We are in the coldest part of winter. Any trip to the shore entails subjecting oneself to cold wind penetrating to one’s body’s core. It is really quite foolish to subject oneself to such weather. It is also foolish to even consider buying a boat. Boats are not necessarily that expensive to buy, but to keep one and keep it well? Ah, there’s the rub.
So if going to the shore is foolish and buying a boat is foolish, how would one describe the combination of these two acts? You see, Joy and I have felt compelled over the last few weeks to prepare for summer by shopping diligently for a boat to replace the one we sold in California.
The boat with which we fell in love was an old woody. One with the keelson in need of expensive repair. Think of it as a floating Victorian home with a bad foundation. Our hearts keep drawing us back to her, but, alas, we do have brains and have, so far, been able to resist her charms. The problem being that her layout is as though it were custom designed with us in mind. She is a 1963 Egg Harbor sedan. Anyone familiar with these vessels knows that the interior is a showcase of wooden cabinetry. Below decks the cabin is all on one level with every area accessible without going up or down steps. The cockpit is large. Between the cockpit and the helm are four doors that fold to the side leaving the interior of the boat completely open to the cockpit. This creates a huge single space in which to lounge or socialize.

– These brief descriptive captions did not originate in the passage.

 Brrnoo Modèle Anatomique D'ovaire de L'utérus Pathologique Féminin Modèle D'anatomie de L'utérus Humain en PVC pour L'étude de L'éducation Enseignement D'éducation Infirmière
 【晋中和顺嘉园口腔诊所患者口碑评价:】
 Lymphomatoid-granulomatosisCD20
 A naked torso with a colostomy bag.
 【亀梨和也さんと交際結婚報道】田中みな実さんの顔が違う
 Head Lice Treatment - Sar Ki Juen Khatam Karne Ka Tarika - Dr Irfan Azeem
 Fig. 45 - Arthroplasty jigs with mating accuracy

But in the interests of practicality we press on in search of a less demanding relationship. No doubt we will settle for some sleek modern beauty that looks like and is laid out like roughly every other vessel we will pass. We will enjoy her greatly, but in our hearts we will hold close the romance of the one we passed by.
Boat hunting, thy name is Folly.
Remember two well-deserved cliches:
"The happiest two days in a boat owner’s life are the day he buys his boat and the day he sells it."
"A boat is a hole in the water into which one pours money."